1. Age 18-80 years, male or non-pregnant female.
2. Evidence of symptomatic ischemia, stable or unstable angina, or MI for more than 7 days.
3. Patients who can understand the purpose of the trial, voluntarily participate and sign the informed consent form, and are willing to undergo angiography, OCT and clinical follow-up.

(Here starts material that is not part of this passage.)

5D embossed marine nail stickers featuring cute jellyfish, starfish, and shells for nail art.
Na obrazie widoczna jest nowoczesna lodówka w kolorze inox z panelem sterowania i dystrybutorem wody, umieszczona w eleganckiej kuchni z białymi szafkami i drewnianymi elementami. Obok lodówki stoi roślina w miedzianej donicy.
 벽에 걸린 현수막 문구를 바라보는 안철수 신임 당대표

Angiogram inclusion criteria

1. The target lesion was primary and in situ coronary artery disease.
2. Target lesion length ≤40 mm, target lesion reference vessel diameter 2.25-4.0 mm (visual inspection).
3. The target lesion diameter stenosis ≥70% or ≥50% (visual inspection) with evidence of ischemia.
4. Clear, high-density shadows can be seen both when the heart is beating and when it is not.
5. TIMI flow grade 3(allowing predilation) in the target vessel before use of the test equipment.
6. The target lesion was the only calcified lesion to be treated with the shock wave, and the non-target lesion needed to be treated successfully before the target lesion.
7. Suitable for patients undergoing metallic stent implantation

1. Severe myocardial infarction occurred within 7 days before operation.
2. At the same time, the lesions were treated with rotational grinding or special balloon (chocolate balloon, nicked balloon, cutting balloon, double guide wire balloon, spinous process balloon, etc.).
3. NYHA Class III or IV.
4. Left ventricular ejection fraction <35% .
5. The target lesion was expected to be treated by fully biodegradable stent implantation, drug balloon dilatation and PTCA.
6. Uncontrollable severe hypertension (systolic blood pressure >180 mmHg or diastolic blood pressure > 110 mmHg).
7. Severe hepatic and renal impairment, transaminase more than 3 times the upper limit of normal, serum creatinine > 2.5 mg/dL (221 μmol/L), or chronic kidney failure requiring long-term dialysis.
8. Preoperative hemoglobin <100 g/l.
9. Platelet count <60×109/L.
10. Cerebral Stroke occurred within 6 months of enrollment, excluding transient ischemic attack (TIA) and lacunar infarction.
11. A history of active peptic ulcer or upper gastrointestinal bleeding within 6 months before enrollment.
12. Patients known to be allergic to heparin, contrast media, aspirin, clopidogrel and anesthetics.
13. Definite diagnosis of malignancy or life expectancy would be less than 12 months.
14. Participation in clinical trials of other drugs or medical devices that did not reach the primary end point.
15. The researchers judged that the patients had poor compliance and could not complete the study according to the protocol.

Angiographic exclusion criteria:

1. The target lesion was in the opening position (LAD, LCX or RCA, within 5 mm of the opening) or unprotected left main coronary artery.
2. Stents were implanted 10mm proximal or distal to the target lesion.
3. The target lesion had unprotected branch vessels more than 2.5mm in diameter.
4. The target lesion was distal to the saphenous vein or LIMA (Left internal mammary artery) /RIMA (Right internal mammary artery) bypass graft.
5. Existed an aneurysm within 10mm of the target lesion.
6. Angiography confirmed the presence of severe target lesion dissection (type D-F dissection (NHLBI classification) before the treatment of the Intracoronary lithotripsy balloon catheter and Intracoronary lithotripsy apparatus
7. The target lesion had definite thrombosis.
8. The researchers determined that the target lesion was unsuitable for vasodilation in patients.